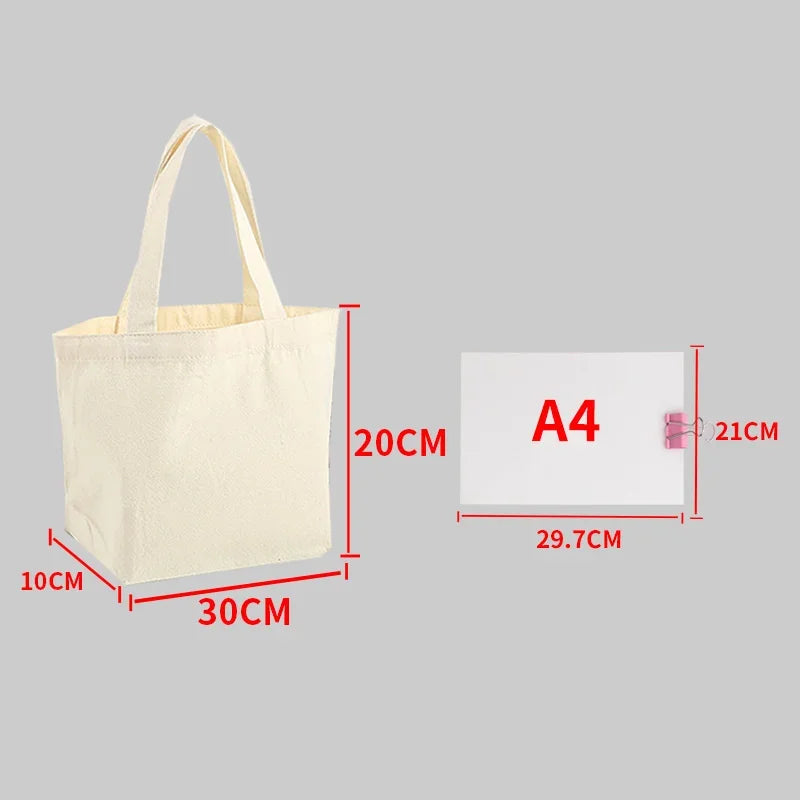 Reusable Foldable Shoulder Handbag Eco-Friendly Women Ladies Large Cotton Fabric Canvas Tote Bag For Market Shopping Bags Blank Oasis Select Beige-30x20x10cm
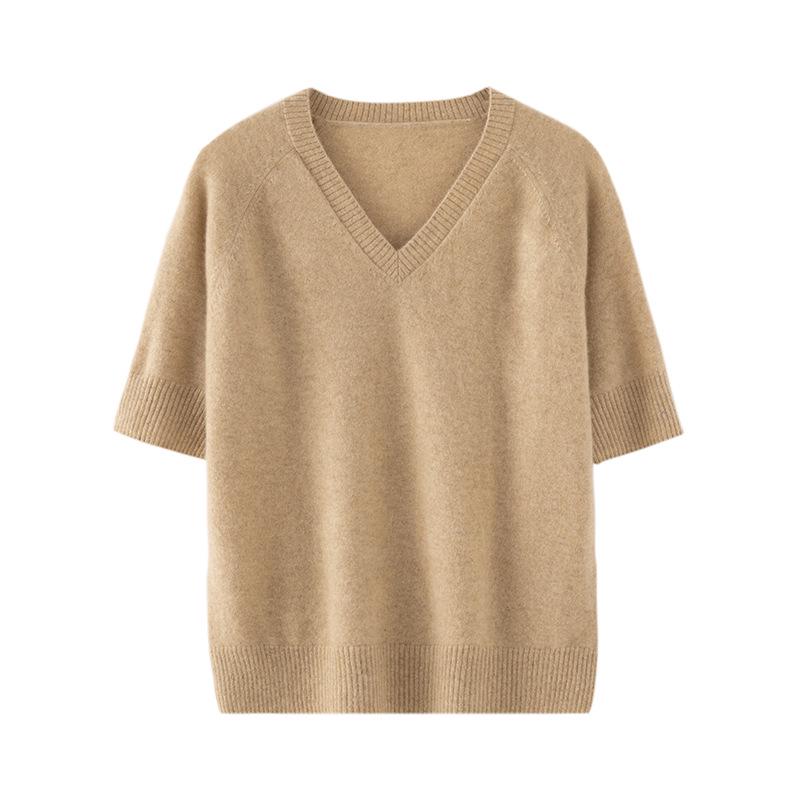 Women's V-Neck Cashmere Knit Five-Sleeve Sweater - Soft, Slim Fit for Spring/Autumn
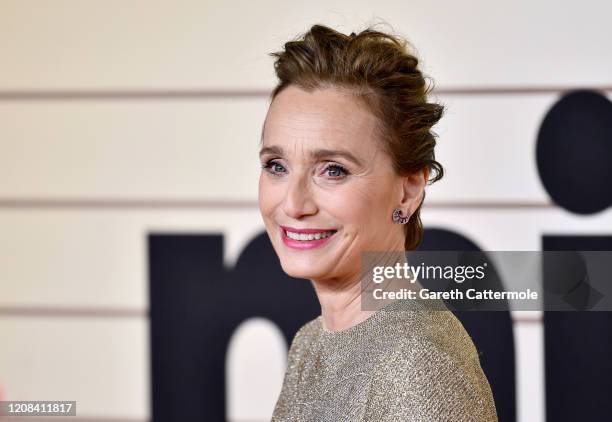 Kristin Scott Thomas attends the "Military Wives" UK Premiere at Cineworld Leicester Square on February 24, 2020 in London, England.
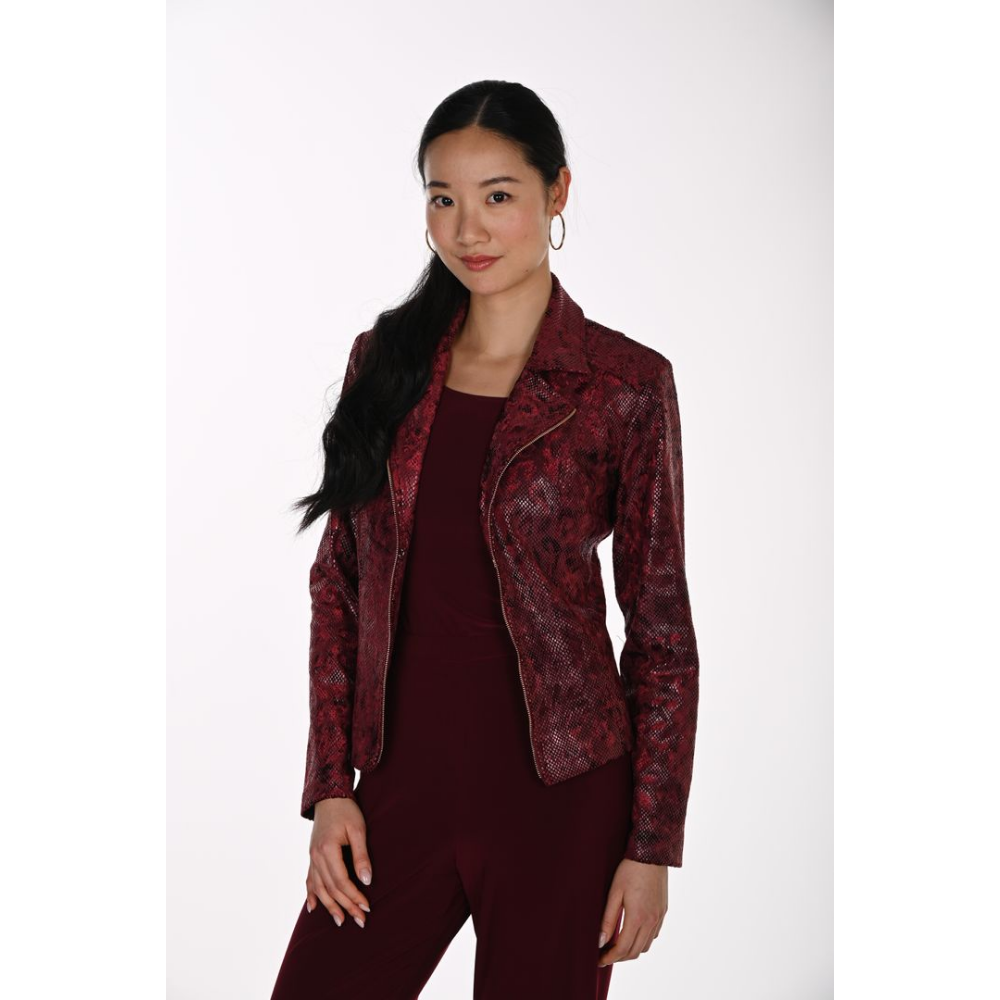 Frank Lyman Red Snakeskin Print Zip-Front Knit Jacket at Helen Ainson
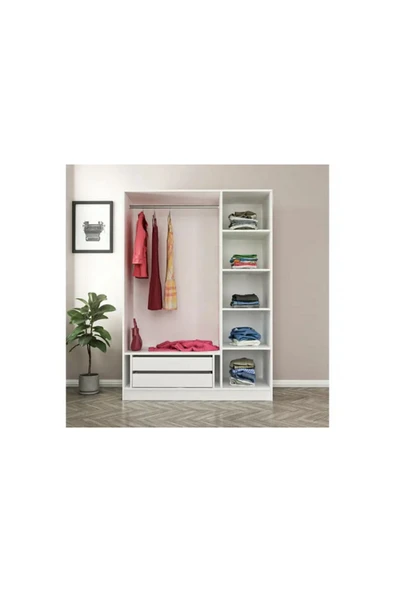 CANBAZ FURNİTURE Esla Modüllü 3 Cam Kapaklı Giyinme Dolabı %100 MDF (KURULUM DAHİL) ürün görseli 1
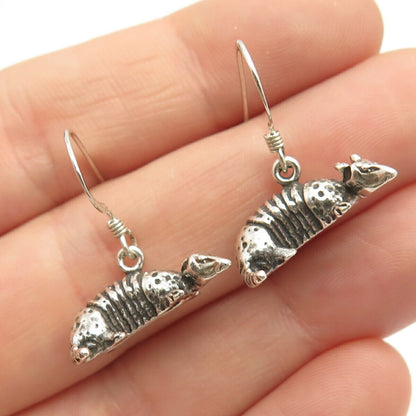 925 Sterling Silver Holiday Armadillo Dangling Earrings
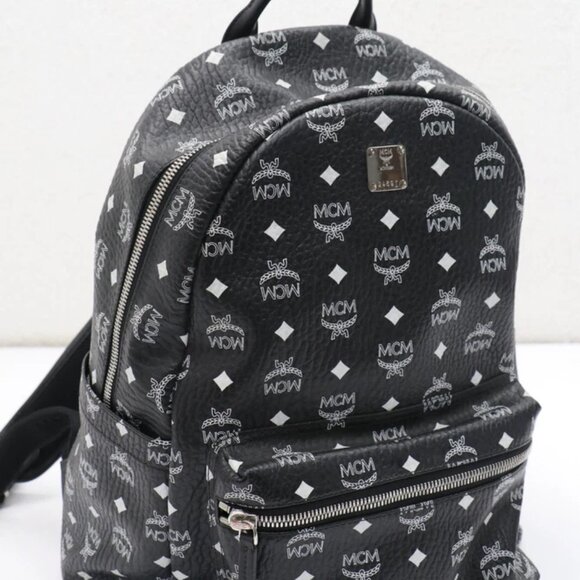 MCM Stark Backpack Visetos White Logo Medium - Black/White - Picture 1 of 16
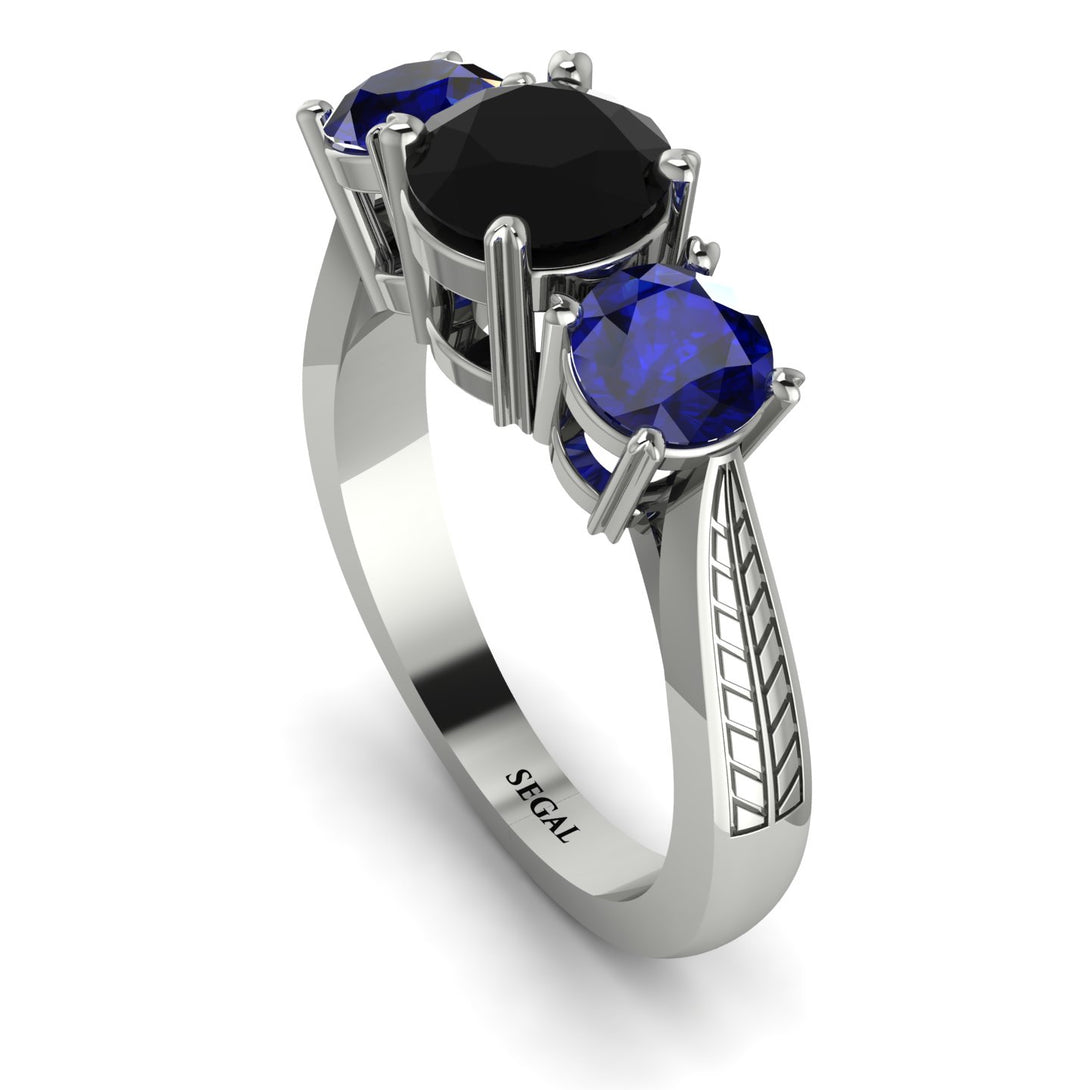 Three Stones Black Diamond Braches Ring - Donna No. 69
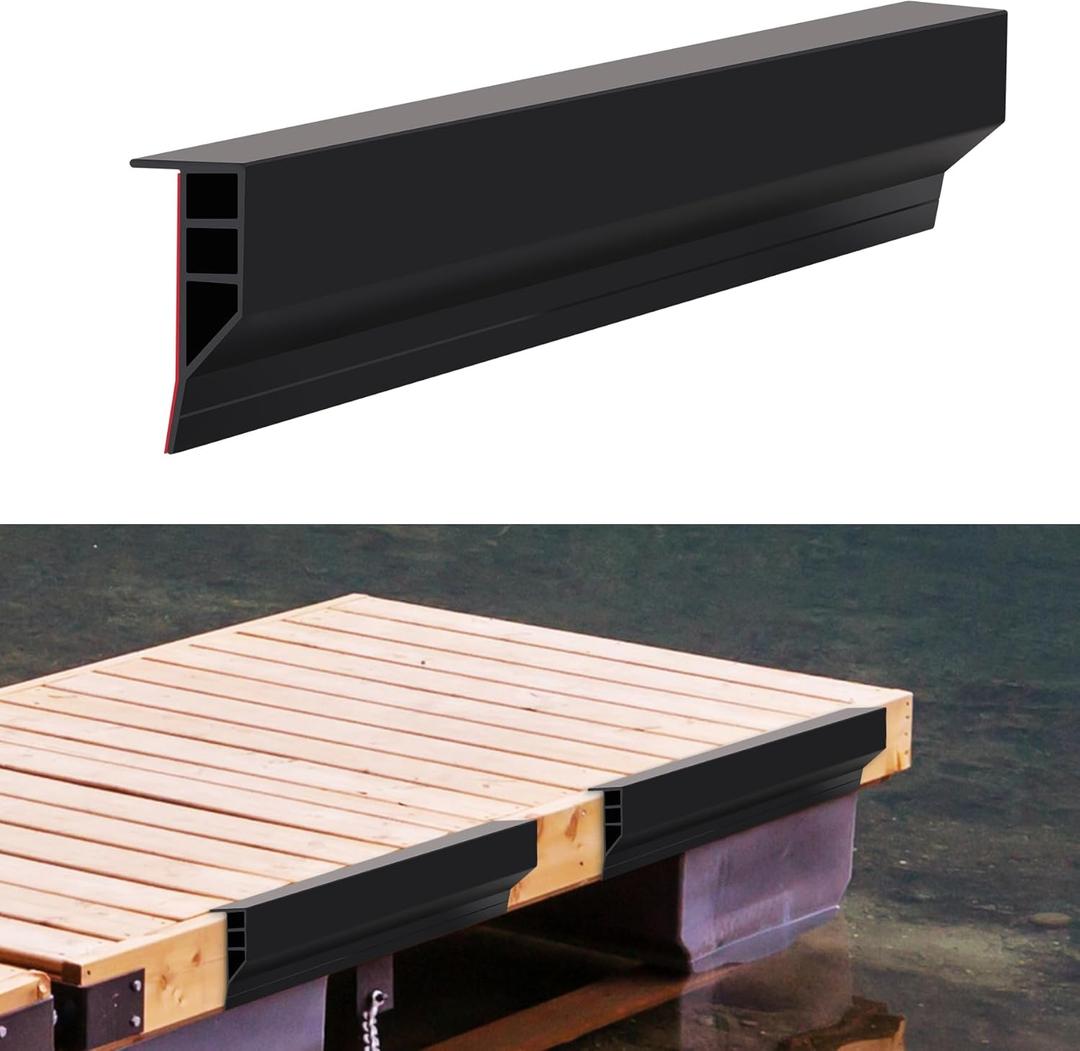 Gaahing Heavy-Duty Boat Dock Side Bumper, Full Face Dock Edging Guard for Piling and Pier Protection, Includes Mounting Screws and Adhesive (Black, 10pcs x 19.7")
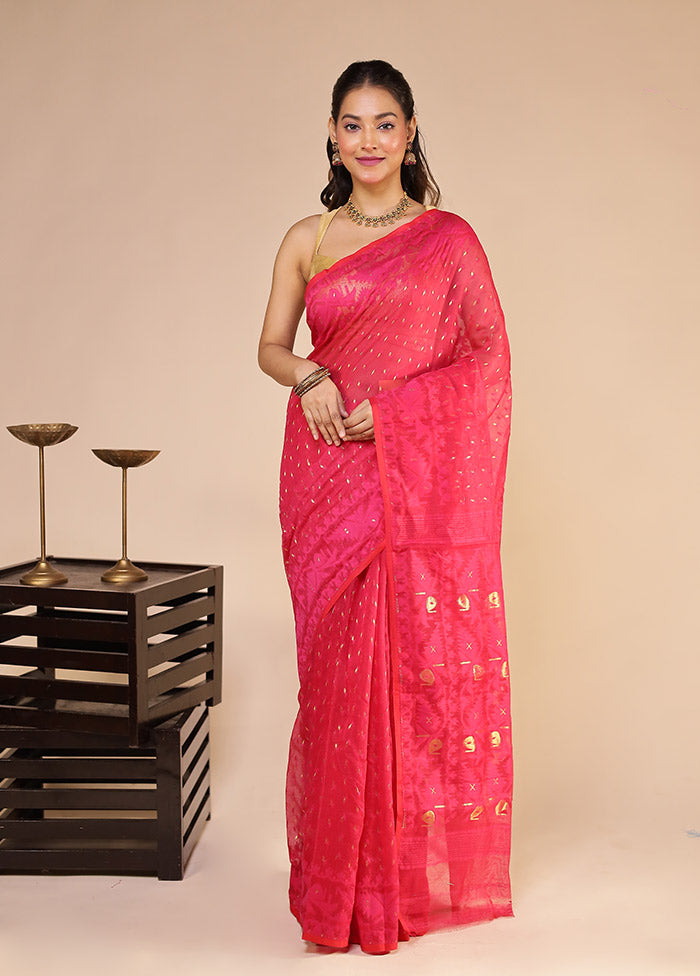 Pink Jamdani Cotton Saree Without Blouse Piece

☆ ☆ ☆

• **Your assignment**
Which part of the entries opens with the line containing "Women's V-Neck Cashmere" and closes with the line containing "Gaahing Heavy-Duty Boat"? Output that part exactly, ends included, pictures excluded.

• **Exercise result**
 Women's V-Neck Cashmere Knit Five-Sleeve Sweater - Soft, Slim Fit for Spring/Autumn
 Kristin Scott Thomas attends the "Military Wives" UK Premiere at Cineworld Leicester Square on February 24, 2020 in London, England.
 Frank Lyman Red Snakeskin Print Zip-Front Knit Jacket at Helen Ainson
 CANBAZ FURNİTURE Esla Modüllü 3 Cam Kapaklı Giyinme Dolabı %100 MDF (KURULUM DAHİL) ürün görseli 1
 925 Sterling Silver Holiday Armadillo Dangling Earrings
 MCM Stark Backpack Visetos White Logo Medium - Black/White - Picture 1 of 16
 Three Stones Black Diamond Braches Ring - Donna No. 69
 Gaahing Heavy-Duty Boat Dock Side Bumper, Full Face Dock Edging Guard for Piling and Pier Protection, Includes Mounting Screws and Adhesive (Black, 10pcs x 19.7")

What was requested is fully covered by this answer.